What needs to be done: Instruction for the listing below: copy exactly, and only, the lines from the one holding "Mockup Boxy Heavyweight" through its last line, omitting any picture.

============

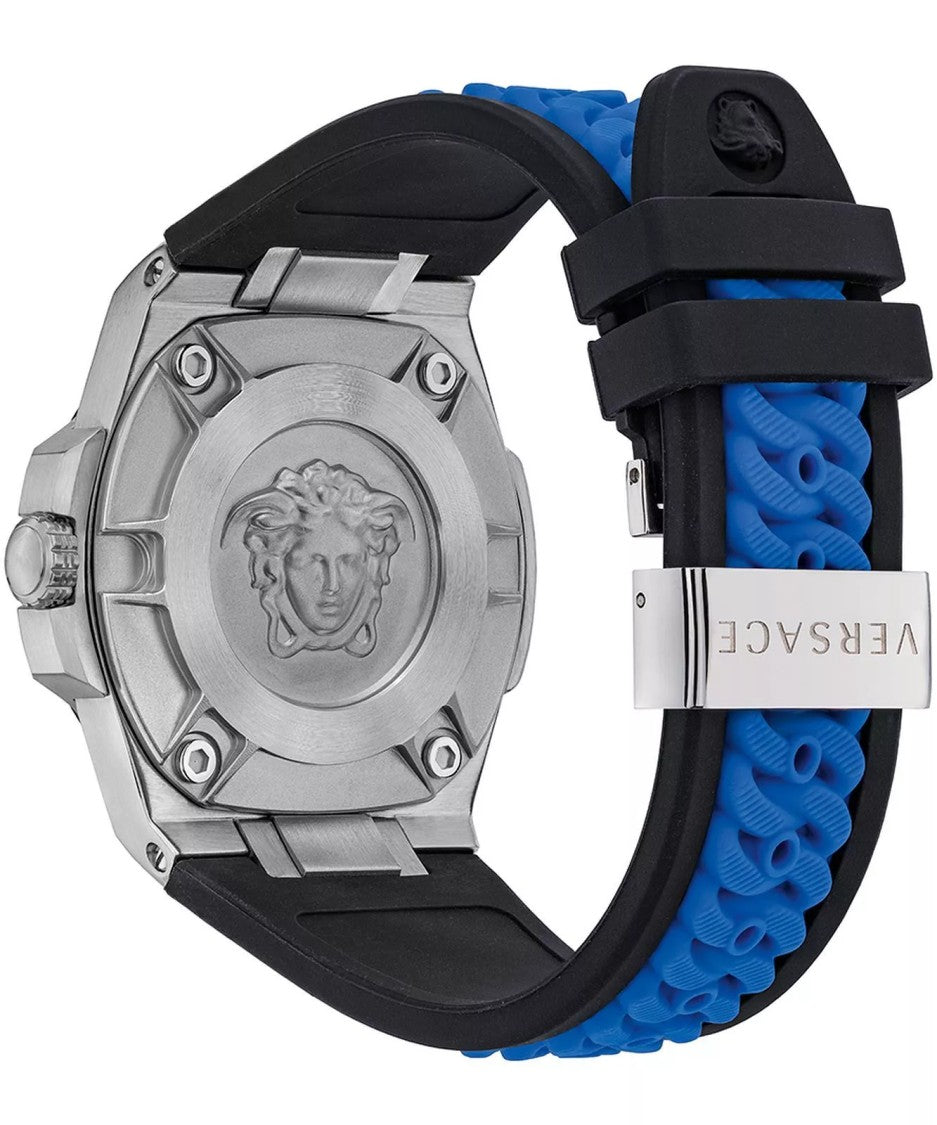 Versace Greca Logo 38Mm Women's Analog Watch With Blue Leather Strap
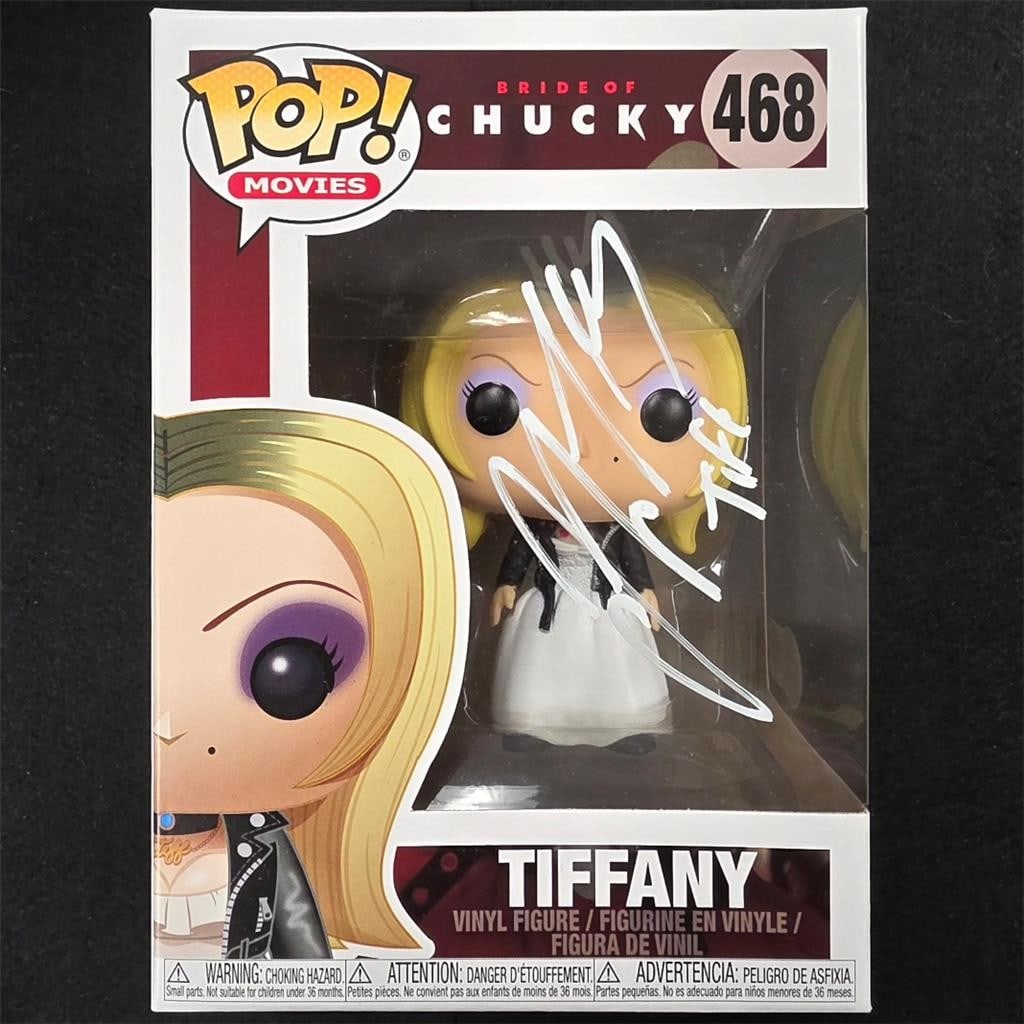 Jennifer Tilly Autographed Tiffany Funko Pop 468 Beckett Authenticated Child's Play: Jennifer Tilly Autographed Tiffany Funko Pop 468 Beckett Authenticated Child's Play This is an original Funko Pop figure of Tiffany, known as "Tiff" from the Child's Play movie franchise, personally s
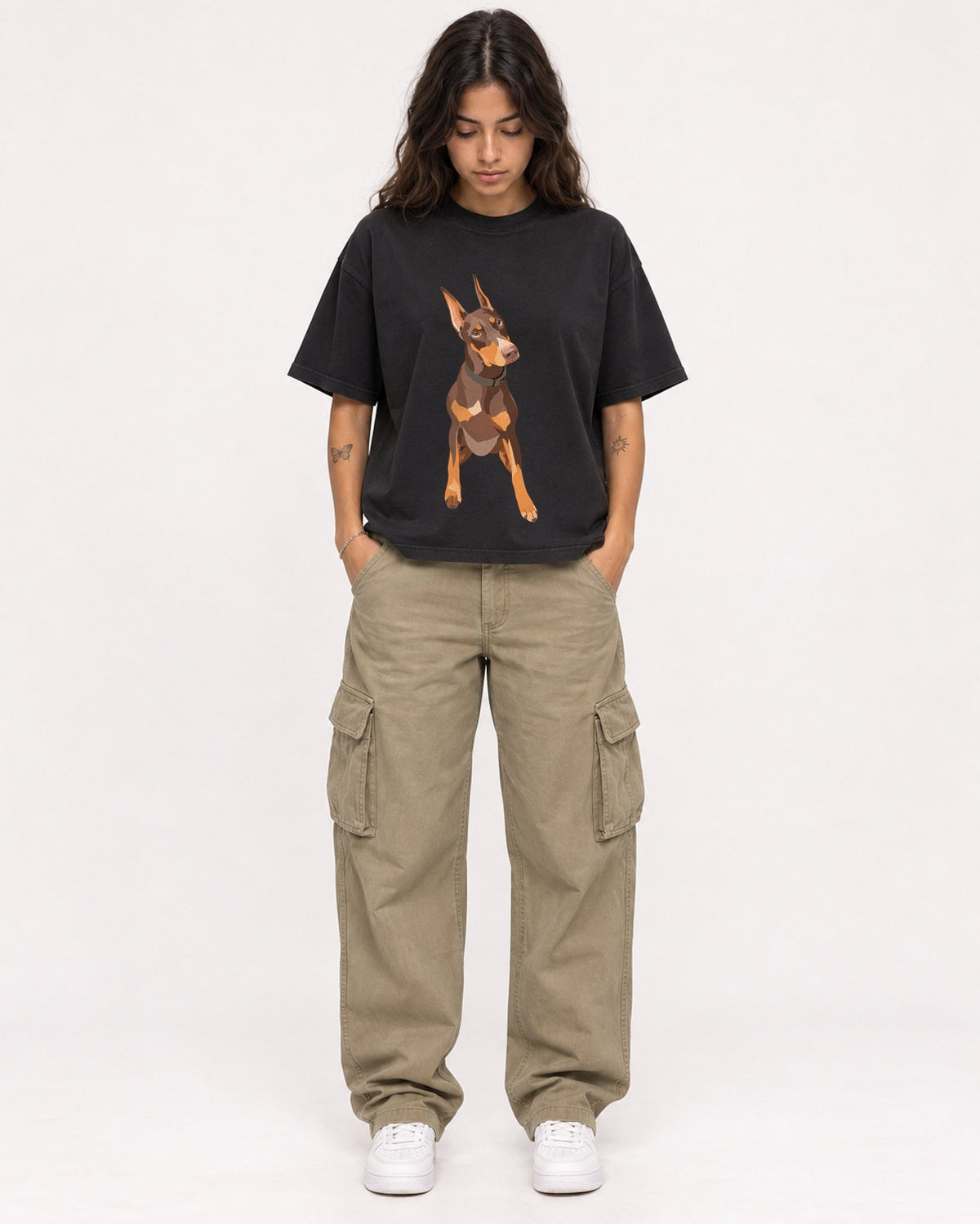 Mockup Boxy Heavyweight Tee Black female full-body 06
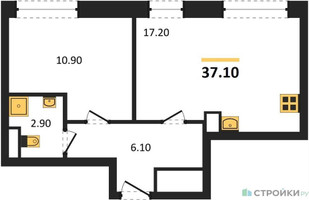 Планировка однокомнатной(квартира) площадью 37.1 квадратных метров в “ЖК Обручева 30”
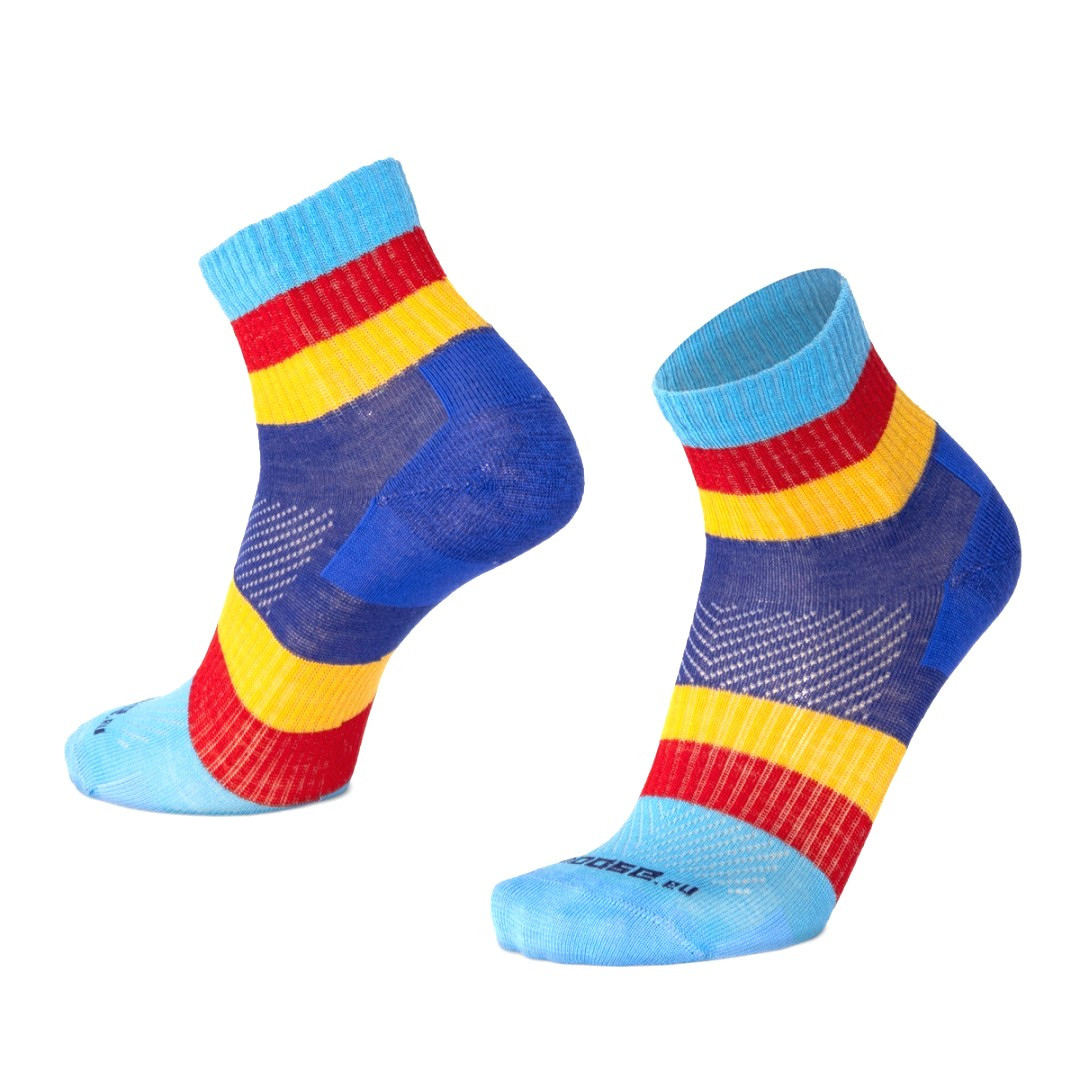 ORLIK RIBBON kotníkové pruhované merino ponožky Moose modrá XXL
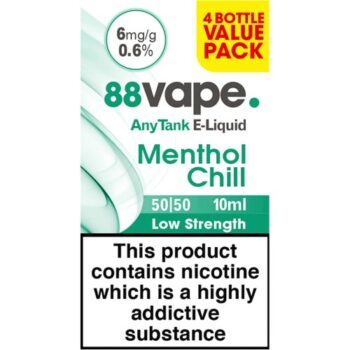 88Vape Menthol Chill AnyTank E-Liquid 4x6mg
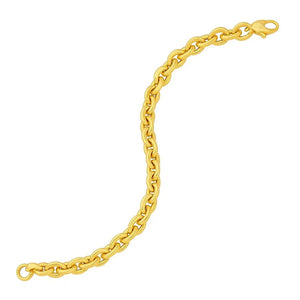 14K Yellow Gold Mirror Rolo Link Chain Bracelet (7.30 mm)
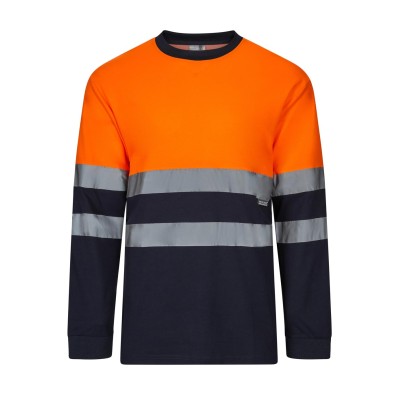 Camiseta alta visibilidad Velilla 305615 Azul Navy-Naranja flúor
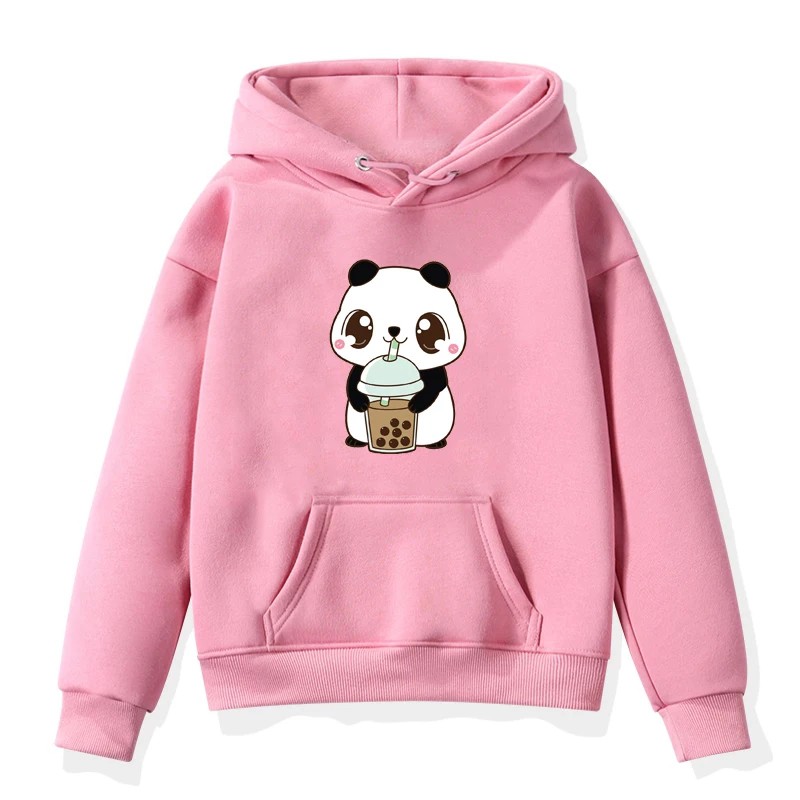 Sweater Anak Panda With Boba Hoodie Anak Fleece Pakaian Anak Unisex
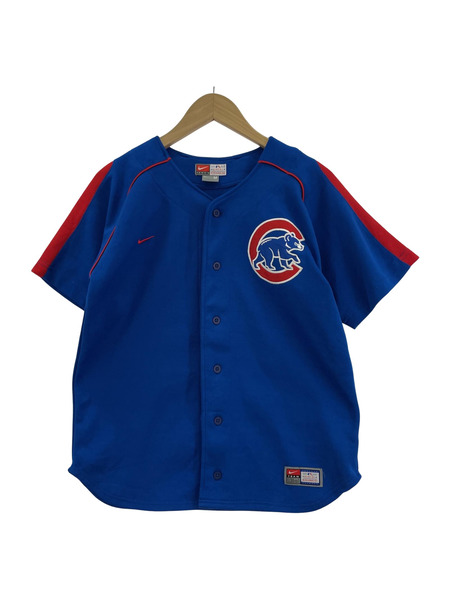 NIKE S/S ベースボールシャツ 青 (M)[値下]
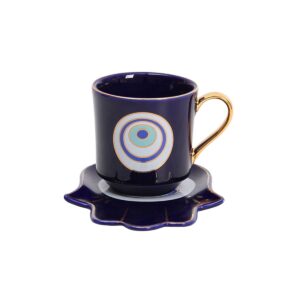 mowuqeen espresso coffee cups set, evil eye cups ceramic coffee mug, hamsa hand designed set of cups and saucers resso coffee cups set, ceramic coffee mug tea cup (dy-devil's eye cup-c)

============

Task result:
 Mockup Boxy Heavyweight Tee Black female full-body 06
 Планировка однокомнатной(квартира) площадью 37.1 квадратных метров в “ЖК Обручева 30”
 ORLIK RIBBON kotníkové pruhované merino ponožky Moose modrá XXL
 88Vape Menthol Chill AnyTank E-Liquid 4x6mg
 14K Yellow Gold Mirror Rolo Link Chain Bracelet (7.30 mm)
 Camiseta alta visibilidad Velilla 305615 Azul Navy-Naranja flúor
 Sweater Anak Panda With Boba Hoodie Anak Fleece Pakaian Anak Unisex
 NIKE S/S ベースボールシャツ 青 (M)[値下]
 mowuqeen espresso coffee cups set, evil eye cups ceramic coffee mug, hamsa hand designed set of cups and saucers resso coffee cups set, ceramic coffee mug tea cup (dy-devil's eye cup-c)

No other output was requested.